*** Dataset records ***

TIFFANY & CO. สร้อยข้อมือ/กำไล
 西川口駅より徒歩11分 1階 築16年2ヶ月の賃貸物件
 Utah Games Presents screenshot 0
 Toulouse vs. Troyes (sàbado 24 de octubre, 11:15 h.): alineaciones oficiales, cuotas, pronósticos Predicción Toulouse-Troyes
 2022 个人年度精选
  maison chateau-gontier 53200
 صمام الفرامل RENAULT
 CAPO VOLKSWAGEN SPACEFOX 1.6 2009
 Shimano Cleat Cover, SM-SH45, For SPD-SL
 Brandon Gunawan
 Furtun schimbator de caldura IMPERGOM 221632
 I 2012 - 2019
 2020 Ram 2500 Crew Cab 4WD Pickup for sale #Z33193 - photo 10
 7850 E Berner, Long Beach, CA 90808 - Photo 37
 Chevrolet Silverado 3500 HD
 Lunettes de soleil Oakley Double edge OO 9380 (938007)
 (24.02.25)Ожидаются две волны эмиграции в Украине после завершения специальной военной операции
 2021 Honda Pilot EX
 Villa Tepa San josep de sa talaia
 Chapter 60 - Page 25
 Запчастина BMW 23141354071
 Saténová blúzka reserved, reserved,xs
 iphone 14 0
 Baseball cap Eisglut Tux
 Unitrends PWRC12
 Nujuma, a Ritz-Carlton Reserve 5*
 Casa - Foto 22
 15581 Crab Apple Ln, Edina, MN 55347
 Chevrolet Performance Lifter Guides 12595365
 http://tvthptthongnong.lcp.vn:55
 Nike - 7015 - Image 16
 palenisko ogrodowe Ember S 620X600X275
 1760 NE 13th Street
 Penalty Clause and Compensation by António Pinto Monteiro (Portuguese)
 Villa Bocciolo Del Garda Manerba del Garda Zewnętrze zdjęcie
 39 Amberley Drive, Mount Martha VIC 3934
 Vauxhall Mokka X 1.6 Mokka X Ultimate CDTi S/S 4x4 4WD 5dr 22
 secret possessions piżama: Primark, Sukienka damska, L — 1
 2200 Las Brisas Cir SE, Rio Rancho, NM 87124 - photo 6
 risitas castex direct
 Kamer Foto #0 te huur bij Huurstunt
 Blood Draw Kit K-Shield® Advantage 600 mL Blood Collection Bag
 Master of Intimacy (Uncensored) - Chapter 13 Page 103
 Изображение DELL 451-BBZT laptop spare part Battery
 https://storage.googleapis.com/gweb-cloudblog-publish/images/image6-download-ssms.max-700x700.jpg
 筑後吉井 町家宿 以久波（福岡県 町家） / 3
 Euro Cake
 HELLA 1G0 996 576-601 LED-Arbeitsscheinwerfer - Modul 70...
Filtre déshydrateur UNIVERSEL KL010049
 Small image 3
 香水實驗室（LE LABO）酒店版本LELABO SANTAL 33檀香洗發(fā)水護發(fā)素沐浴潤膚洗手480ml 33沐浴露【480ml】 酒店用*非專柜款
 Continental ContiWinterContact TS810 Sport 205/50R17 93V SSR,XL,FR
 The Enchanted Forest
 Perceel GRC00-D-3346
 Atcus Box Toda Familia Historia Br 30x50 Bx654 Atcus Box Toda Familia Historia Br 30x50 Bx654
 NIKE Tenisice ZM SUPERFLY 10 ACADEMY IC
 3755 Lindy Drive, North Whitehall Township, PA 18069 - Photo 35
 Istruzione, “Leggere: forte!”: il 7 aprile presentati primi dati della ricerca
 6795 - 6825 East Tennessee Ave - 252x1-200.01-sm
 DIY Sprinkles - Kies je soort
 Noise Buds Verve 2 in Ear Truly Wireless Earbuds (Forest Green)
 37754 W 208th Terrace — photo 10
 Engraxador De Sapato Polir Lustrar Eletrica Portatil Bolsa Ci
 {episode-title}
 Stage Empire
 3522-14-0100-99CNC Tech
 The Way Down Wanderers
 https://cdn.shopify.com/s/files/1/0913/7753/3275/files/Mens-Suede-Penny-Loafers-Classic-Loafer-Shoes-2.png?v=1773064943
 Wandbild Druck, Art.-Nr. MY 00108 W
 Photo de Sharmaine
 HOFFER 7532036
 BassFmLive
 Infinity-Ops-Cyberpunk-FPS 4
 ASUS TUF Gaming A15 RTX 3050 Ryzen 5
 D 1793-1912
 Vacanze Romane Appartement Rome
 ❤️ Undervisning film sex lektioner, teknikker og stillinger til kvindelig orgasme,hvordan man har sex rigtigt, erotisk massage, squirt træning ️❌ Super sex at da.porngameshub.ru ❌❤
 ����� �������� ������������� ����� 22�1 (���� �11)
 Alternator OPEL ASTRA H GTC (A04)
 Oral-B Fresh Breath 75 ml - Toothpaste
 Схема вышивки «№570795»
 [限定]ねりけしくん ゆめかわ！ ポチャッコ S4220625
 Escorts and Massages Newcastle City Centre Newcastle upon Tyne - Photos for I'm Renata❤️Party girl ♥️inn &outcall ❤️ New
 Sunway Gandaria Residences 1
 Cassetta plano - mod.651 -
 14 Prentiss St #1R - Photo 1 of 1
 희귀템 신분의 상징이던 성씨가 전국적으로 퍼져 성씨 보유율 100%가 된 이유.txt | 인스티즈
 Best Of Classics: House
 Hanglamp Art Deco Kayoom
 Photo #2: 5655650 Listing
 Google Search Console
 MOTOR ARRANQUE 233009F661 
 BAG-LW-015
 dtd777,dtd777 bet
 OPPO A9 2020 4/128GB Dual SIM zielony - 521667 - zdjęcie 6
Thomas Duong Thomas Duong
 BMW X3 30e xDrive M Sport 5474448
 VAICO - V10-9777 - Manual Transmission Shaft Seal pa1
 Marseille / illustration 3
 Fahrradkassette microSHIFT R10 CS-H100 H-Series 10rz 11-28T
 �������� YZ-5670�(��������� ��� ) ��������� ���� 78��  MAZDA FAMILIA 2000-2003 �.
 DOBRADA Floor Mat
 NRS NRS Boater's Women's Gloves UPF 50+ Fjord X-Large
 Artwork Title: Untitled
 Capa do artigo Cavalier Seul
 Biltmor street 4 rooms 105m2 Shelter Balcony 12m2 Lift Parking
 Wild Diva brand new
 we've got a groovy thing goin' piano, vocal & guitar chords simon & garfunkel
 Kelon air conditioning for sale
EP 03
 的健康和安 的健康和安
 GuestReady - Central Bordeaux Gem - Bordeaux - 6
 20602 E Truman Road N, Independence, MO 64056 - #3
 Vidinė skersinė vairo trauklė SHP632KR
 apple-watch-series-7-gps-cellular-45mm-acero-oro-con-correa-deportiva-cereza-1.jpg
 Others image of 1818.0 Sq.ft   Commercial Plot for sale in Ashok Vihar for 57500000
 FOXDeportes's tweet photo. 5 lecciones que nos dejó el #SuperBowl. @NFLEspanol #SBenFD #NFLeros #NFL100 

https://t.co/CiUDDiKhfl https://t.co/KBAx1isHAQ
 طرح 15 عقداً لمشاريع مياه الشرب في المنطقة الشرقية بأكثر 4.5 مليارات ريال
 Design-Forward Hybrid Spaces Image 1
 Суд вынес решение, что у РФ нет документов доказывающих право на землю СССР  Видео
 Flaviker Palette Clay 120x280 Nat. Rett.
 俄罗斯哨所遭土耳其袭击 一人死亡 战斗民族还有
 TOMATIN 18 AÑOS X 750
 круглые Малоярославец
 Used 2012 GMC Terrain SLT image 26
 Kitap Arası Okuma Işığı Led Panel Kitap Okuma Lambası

***

=== Task item ===
Exactly reproduce the lines of the data above that run from the line containing "طرح 15 عقداً" through the final one.

=== Solution below ===
 طرح 15 عقداً لمشاريع مياه الشرب في المنطقة الشرقية بأكثر 4.5 مليارات ريال
 Design-Forward Hybrid Spaces Image 1
 Суд вынес решение, что у РФ нет документов доказывающих право на землю СССР  Видео
 Flaviker Palette Clay 120x280 Nat. Rett.
 俄罗斯哨所遭土耳其袭击 一人死亡 战斗民族还有
 TOMATIN 18 AÑOS X 750
 круглые Малоярославец
 Used 2012 GMC Terrain SLT image 26
 Kitap Arası Okuma Işığı Led Panel Kitap Okuma Lambası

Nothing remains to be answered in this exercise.